The brandies of the Caucasus region -- Georgia, Armenia and Azerbaijan -- are known for their distinctive fruitcake sweetness. When the whisky writer Michael Jackson wanted to describe a single-malt Scotch as tasting of dried fruits and raisins, he would say it was redolent of Georgian brandy.
.....Georgian brandy was the closest in style to cognac, with the medium body and elegant balance of a French VSOP.
It's worth noting that Georgia's vintners also make a distinctive alternative to vodka, an indigenous grappa called chacha. Like the Italian eau-de-vie, chacha is distilled from wine and the leftovers of winemaking -- grape skins, seeds, and even a stem or two. I was able to find a chacha made by the Telavi Wine Cellar, a spirit that was aged just enough to give it a honey-tinged color and with a nice balance between the fire essential to any good grappa and the mellow sweetness of the original grapes.
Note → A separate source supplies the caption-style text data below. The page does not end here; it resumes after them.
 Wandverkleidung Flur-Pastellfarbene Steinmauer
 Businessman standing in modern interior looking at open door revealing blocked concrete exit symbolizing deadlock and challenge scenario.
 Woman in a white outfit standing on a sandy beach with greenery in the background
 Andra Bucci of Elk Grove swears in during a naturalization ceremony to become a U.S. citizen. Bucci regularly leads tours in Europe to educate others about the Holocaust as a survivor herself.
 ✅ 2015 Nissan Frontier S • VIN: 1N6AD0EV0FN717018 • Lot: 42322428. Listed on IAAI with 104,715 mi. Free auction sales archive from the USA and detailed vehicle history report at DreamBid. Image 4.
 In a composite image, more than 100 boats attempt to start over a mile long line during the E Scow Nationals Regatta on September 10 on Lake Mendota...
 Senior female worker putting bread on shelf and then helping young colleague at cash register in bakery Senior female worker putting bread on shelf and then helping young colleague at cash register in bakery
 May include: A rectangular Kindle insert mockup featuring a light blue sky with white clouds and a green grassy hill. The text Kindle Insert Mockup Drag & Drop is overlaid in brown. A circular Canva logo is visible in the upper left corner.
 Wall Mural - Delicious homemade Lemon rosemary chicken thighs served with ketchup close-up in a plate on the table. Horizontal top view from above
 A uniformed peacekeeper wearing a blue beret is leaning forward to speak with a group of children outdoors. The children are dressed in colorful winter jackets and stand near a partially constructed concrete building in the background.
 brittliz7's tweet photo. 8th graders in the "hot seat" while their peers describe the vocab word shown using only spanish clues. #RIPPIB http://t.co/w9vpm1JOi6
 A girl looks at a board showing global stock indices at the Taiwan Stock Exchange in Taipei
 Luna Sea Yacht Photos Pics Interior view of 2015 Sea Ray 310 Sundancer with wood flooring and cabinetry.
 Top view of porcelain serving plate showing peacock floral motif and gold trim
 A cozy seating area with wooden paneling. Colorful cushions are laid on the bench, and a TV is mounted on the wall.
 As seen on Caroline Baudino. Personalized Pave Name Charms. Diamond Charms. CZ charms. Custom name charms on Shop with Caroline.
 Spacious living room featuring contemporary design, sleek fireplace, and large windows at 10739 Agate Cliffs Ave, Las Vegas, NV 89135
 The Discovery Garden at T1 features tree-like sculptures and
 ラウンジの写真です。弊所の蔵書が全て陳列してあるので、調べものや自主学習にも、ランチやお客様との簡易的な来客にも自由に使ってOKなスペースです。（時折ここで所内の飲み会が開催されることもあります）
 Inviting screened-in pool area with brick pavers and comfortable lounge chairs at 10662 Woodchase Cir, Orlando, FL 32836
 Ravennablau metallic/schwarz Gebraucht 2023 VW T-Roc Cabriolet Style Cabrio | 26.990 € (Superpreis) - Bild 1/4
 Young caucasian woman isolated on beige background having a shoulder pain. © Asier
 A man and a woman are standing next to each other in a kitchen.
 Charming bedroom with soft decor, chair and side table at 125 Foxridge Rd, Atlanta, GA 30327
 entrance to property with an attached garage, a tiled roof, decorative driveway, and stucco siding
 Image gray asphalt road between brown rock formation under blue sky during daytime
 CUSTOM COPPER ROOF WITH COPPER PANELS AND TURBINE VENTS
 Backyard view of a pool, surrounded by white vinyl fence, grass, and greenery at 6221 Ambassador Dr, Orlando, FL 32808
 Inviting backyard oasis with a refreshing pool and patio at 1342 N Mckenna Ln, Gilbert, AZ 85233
Georgian brandy and chacha are delights, even without the geopolitical benefits of buying them. But there's no denying that added bonus. Richard Holbrooke writes that "so far, Moscow has failed in its real goal -- getting rid of Mikheil Saakashvili, Georgia's pro-democracy, pro-American president." A former U.S. ambassador to the United Nations, Mr. Holbrooke has been a vigorous advocate for bolstering Georgia with aid to keep the country, and its government, from collapsing of economic asphyxiation. "If Mikheil Saakashvili survives," Mr. Holbrooke writes, "Vladimir Putin loses." Now
that's something worth toasting -- where's that claret glass?